• What to do:
The listing below begins with the first line you should copy; stop after the line containing "Madewell Brown Jacket Size XS - photo 5", and drop every picture.
---------- Data provided
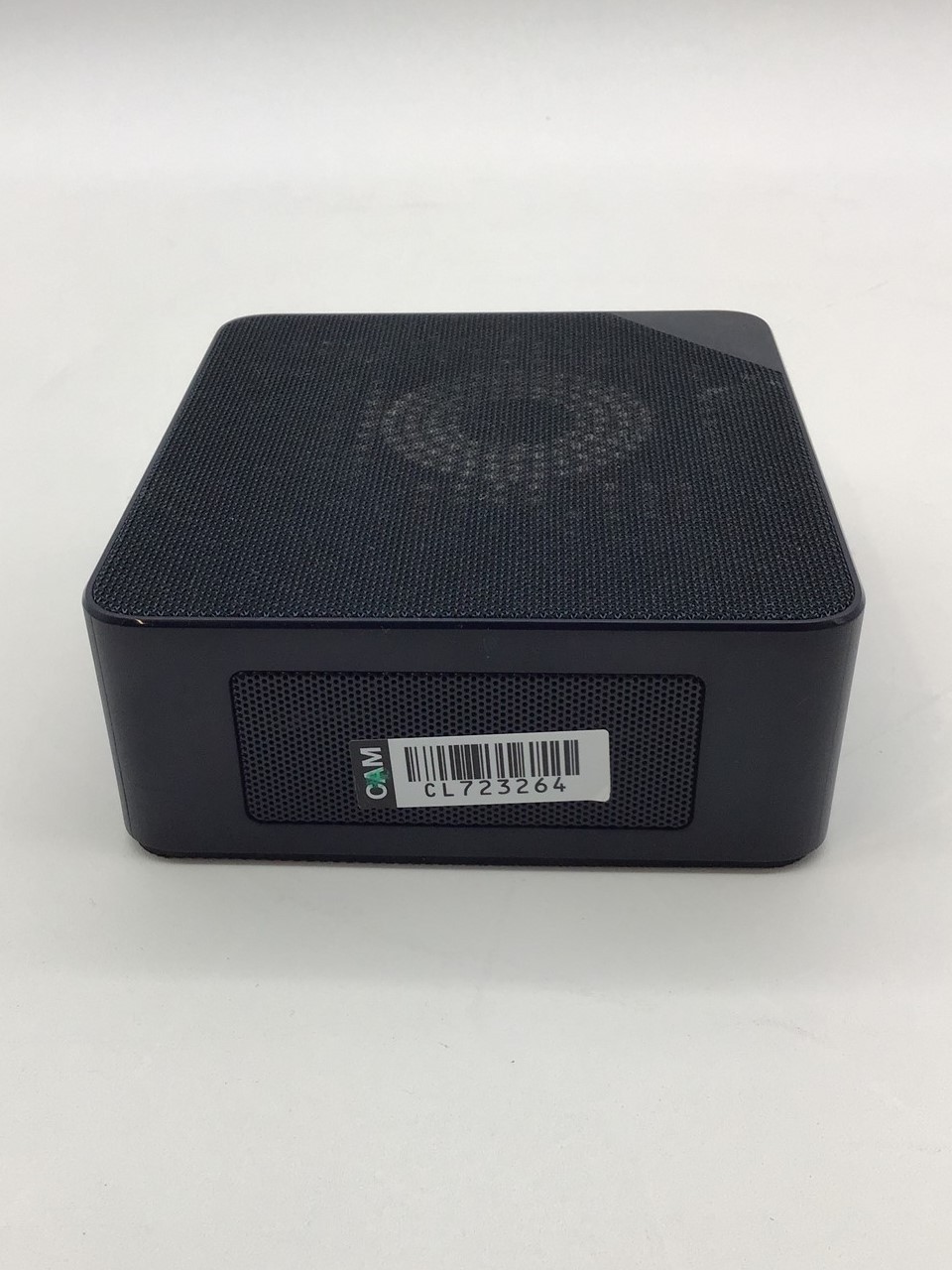 Beelink SEi12-A i5-12450H, 1.1GHz, 16GB, No HD, No Power Adapter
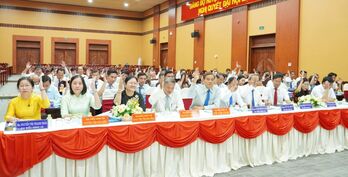 Kỳ họp thứ 3 HĐND xã Châu Thành: Thông qua nghị quyết về ngân sách nhà nước năm 2025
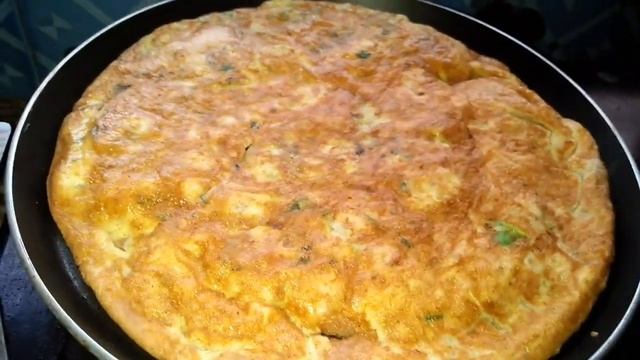 Dr.jahangir kabir Sir. Full day keto diet plan. How to weight loss 15 kg in 1 month. смотреть онлайн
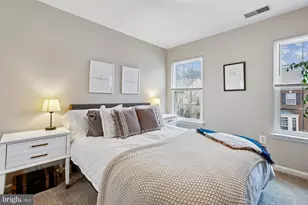 6139 Cinnamon Ct, Alexandria, VA 22310 - Photo 23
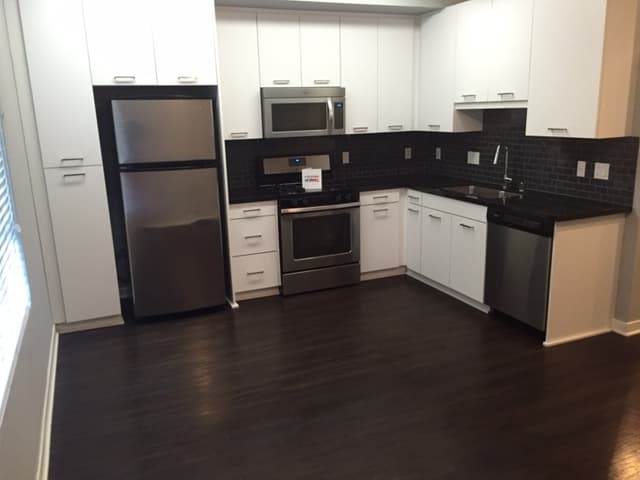 Jia Apartments 1 of 6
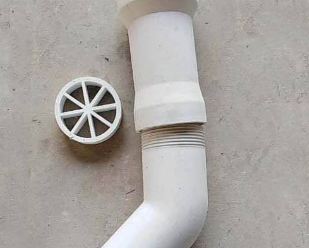江津水管维修哪家好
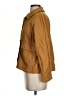 Madewell Brown Jacket Size XS - photo 5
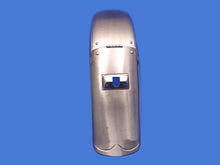 Load image into Gallery viewer, Replica Rear Fender with Hinged Tail 1973 / 1984 FL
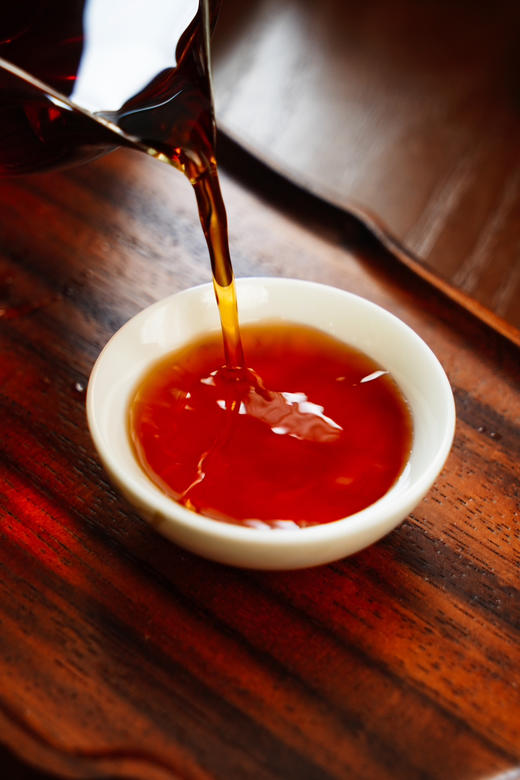 【梅子箐·熟】罕见“地域香”，地道永德味 商品图4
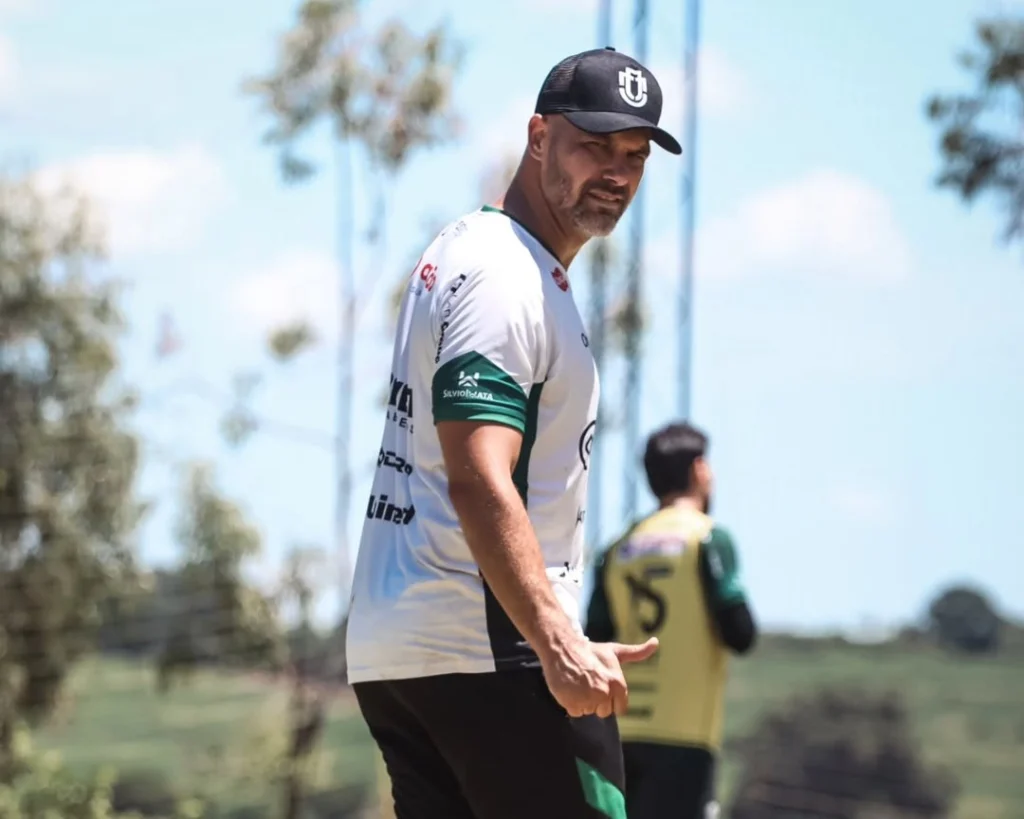 SaveInsta.me_636828915_18510331972073876_4908982476662144059_n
--------------------
• Expected answer:
 Beelink SEi12-A i5-12450H, 1.1GHz, 16GB, No HD, No Power Adapter
 Kỳ họp thứ 3 HĐND xã Châu Thành: Thông qua nghị quyết về ngân sách nhà nước năm 2025
 Dr.jahangir kabir Sir. Full day keto diet plan. How to weight loss 15 kg in 1 month. смотреть онлайн
 6139 Cinnamon Ct, Alexandria, VA 22310 - Photo 23
 Jia Apartments 1 of 6
江津水管维修哪家好
 Madewell Brown Jacket Size XS - photo 5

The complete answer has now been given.